I received the sweetest four-page story about Neil Ullman, which ran in The New York Times in September. Here is a capsule summary. I know I won’t do justice to it. Neil met Elaine Hoffman at a class titled The Lives We Lived at Fairleigh Dickenson University, and they immediately felt energy between each other. Both had been widowed recently. As time progressed, they drew closer, discovering all the things they had in common, such as the same car model, the same credit card type, and the same interest in taking a one-week vacation to Cambria and Pismo Beach in California. Spooky, wasn’t it?
Needless to say, they both fell madly in love. They married at Florham, a former Vanderbilt estate.
Neil graduated from RPI and Rutgers and became a founder of Middlesex County College and County College of Morris. Elaine graduated from State University of New York at Cortland in 1967 and received a master’s degree in student personnel services at Newark State College. She has been a career elementary school counselor and a school social worker.
Roger Lipton was appointed to the board of directors of Diversified Restaurant Holdings, one of the largest franchisees for Buffalo Wild Wings. Roger earned his B.S. degree in mechanical engineering at RPI and his MBA degree at Harvard. He worked as an auditor with PricewaterhouseCoopers and then on Wall Street with restaurant and franchising industries.
My friend from White Plains, Larry Kaye ’64, MEE ’65, wrote to say he has been “reading your column for years.” Larry worked for Hughes in Culver City, then Systron Donner in Concord, Calif., and finally Giga-tronics, a microwave test equipment company he helped found. He now restores pinball machines.

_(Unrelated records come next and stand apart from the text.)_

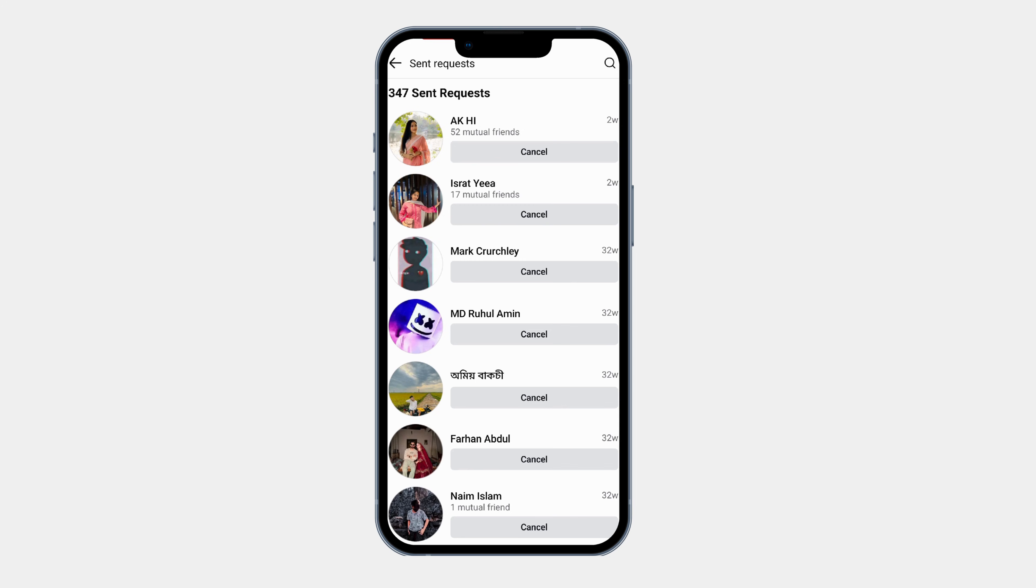Here you will see a list of all the friend requests you have sent that have not been accepted yet.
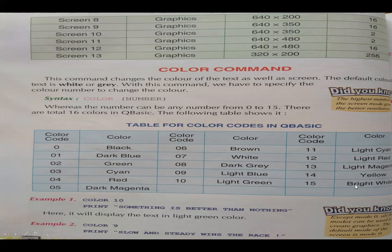These 16 colors can be used for text, and if we want to change the screen mode we can do so with the help of these color codes.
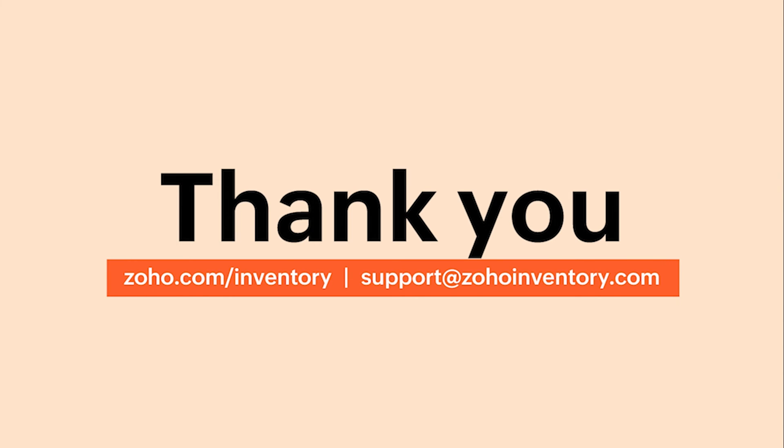If you have any queries, you can write to support at zohoinventory.com and we'll be happy to help. For more videos on Zoho Inventory, do subscribe to our channel and click the bell icon to never miss out on new videos. Thank you.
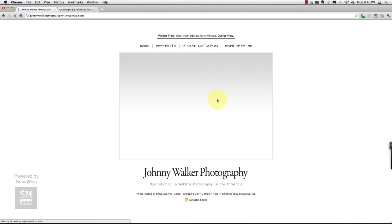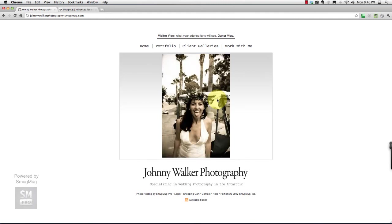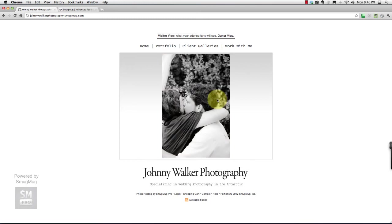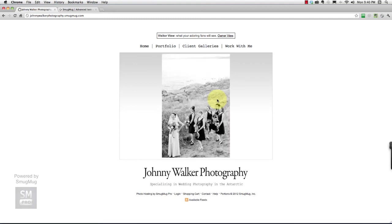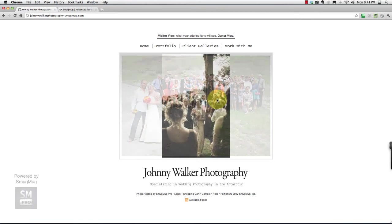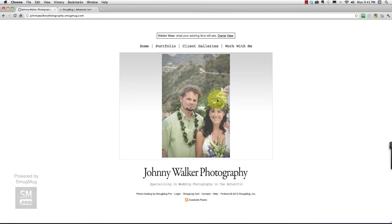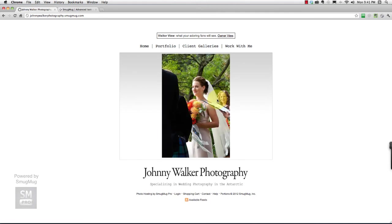That was an epic journey. Hopefully, you found value in it and I was clear in my instructions, and that you are really happy with your SmugMug site. Don't forget, if you used my affiliate link through my site to sign up with SmugMug to get started with this tutorial, that's great. When your 14-day free trial is up, that coupon code that will save you 20% on your first year with SmugMug will automatically be applied.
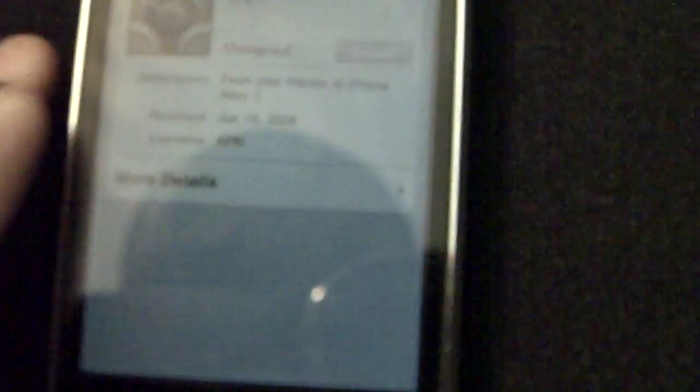Important, blah blah blah, install now. It's going to install it.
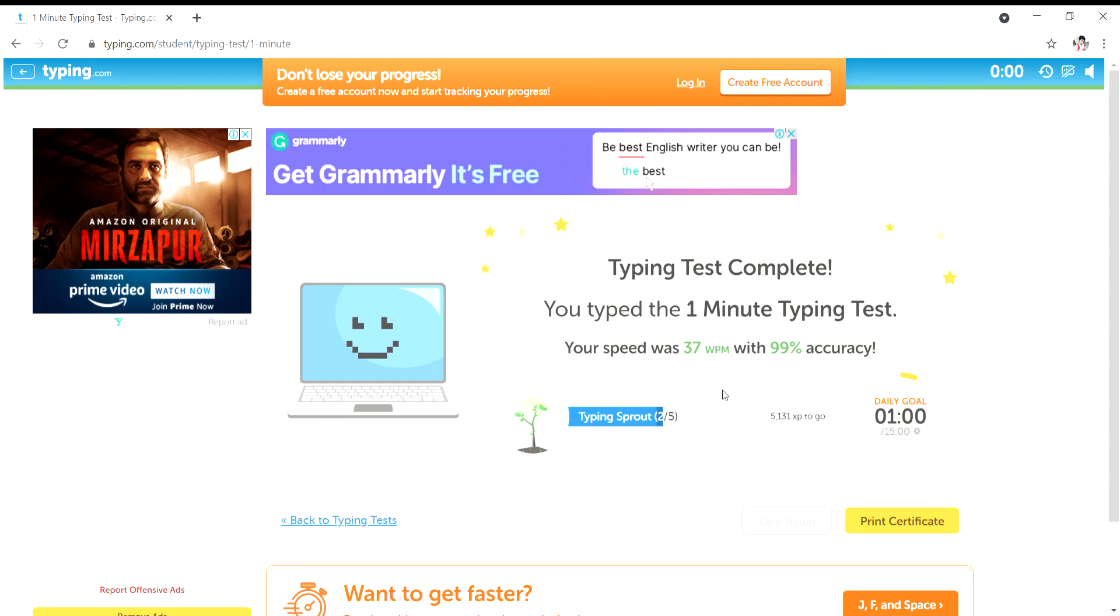This video is my first video. Please like the video and subscribe to my channel. Thanks for watching this video.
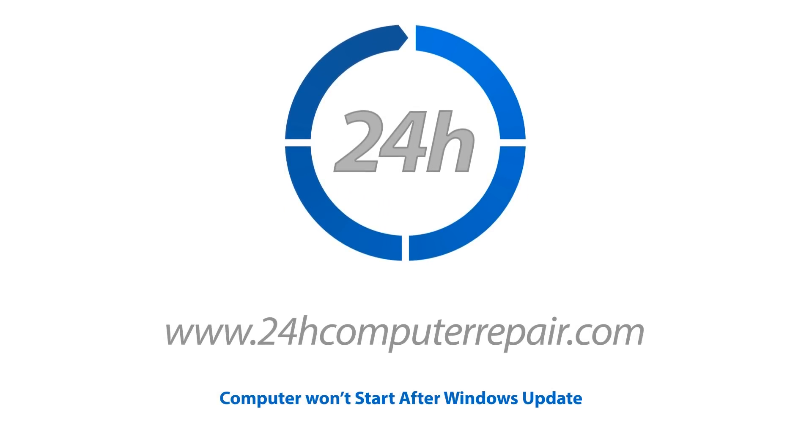Welcome to 24-Hour Computer Repair. Today's topic is Computers Won't Start After Windows Update. If your system can't boot properly after a finished update and the necessary restarting of your computer, this is one of the solutions.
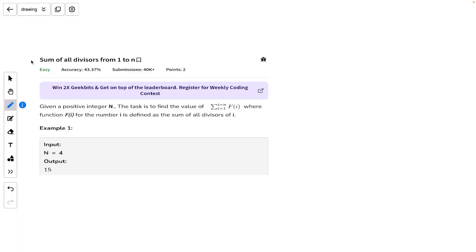Welcome back to the channel. In this video I will explain the problem 'Sum of All Divisors from 1 to N'. This is an interesting problem based on an interesting mathematical concept, so make sure you stay tuned till the end of the video.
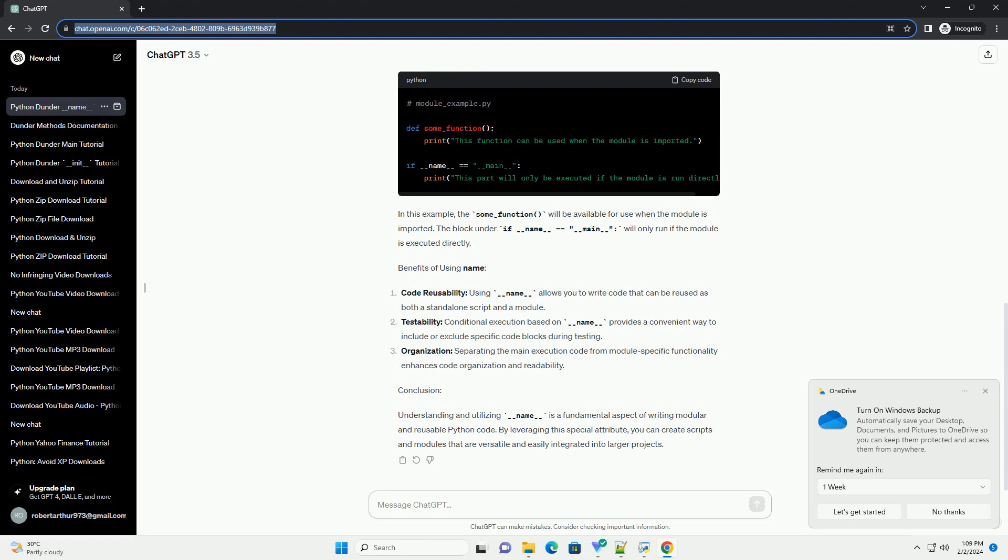Code Examples: Let's explore some code examples to better understand the usage of __name__.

His son, Andrew, is a senior at RPI, and is studying mechanical engineering. Larry and his wife, Beth, married in 1992.
Jay Winderman states: Classmates Bob Levy and Henry Steckler and I studied together for final exams in my rented room on 14th Street during our last two years at RPI. I built a blackboard from a sheet of Masonite that I brushed with flat black paint, and we used it to test one another. After tedious hours, we would adjourn to the Sycaway Diner on Hoosick Street for coffee and jelly doughnuts. Bob and Henry and I passed all of our final exams. I am debating whether to credit my blackboard or the Sycaway’s jelly doughnuts for our successes.
Dr. John Hall contacted me via email to say that a documentary film titled Secrets of a Frozen Ocean won the award this year for the best documentary at the New York City International Film Festival. John owns the hovercraft that was used in the film, and he funded much of the work. In the movie, he said, he appears as “Executive Enabler.” John has lived in Israel for about 68.6 percent of the country’s existence.
Captain Ed Davidson, also known as Lt. Cmdr. “Engine Eddie,” became the 33rd Navy “Top Gun”-type jet fighter pilot to survive more than 200 combat missions in Vietnam and was flying fighter escort next to John McCain when McCain was shot down and captured.
Dick Lundgren, who had a passion for historic preservation, has been named executive director of the Historic Albany Foundation, whose mission is to preserve and protect the architectural and historic resources of the city of Albany and Albany County. Dick has experience as an urban renewal project director and a district planner, as well as president of a real estate and city planning consulting practice.
John Templin, president of the 50 Year Club and a Phi Sigma Kappa alumnus, was happy to report that the fraternity was well represented at the Class' 55th Reunion, and that they had a chance to meet for breakfast and catch up on what each has done over more than half a century: Lew Davidson, Stu Heller, Lou Hoadley, Harry Laufer, Lionel Michelman, and (of course) John himself. John is president of Templin Management Associates Inc. in Greenfield Center, N.Y., in Saratoga County.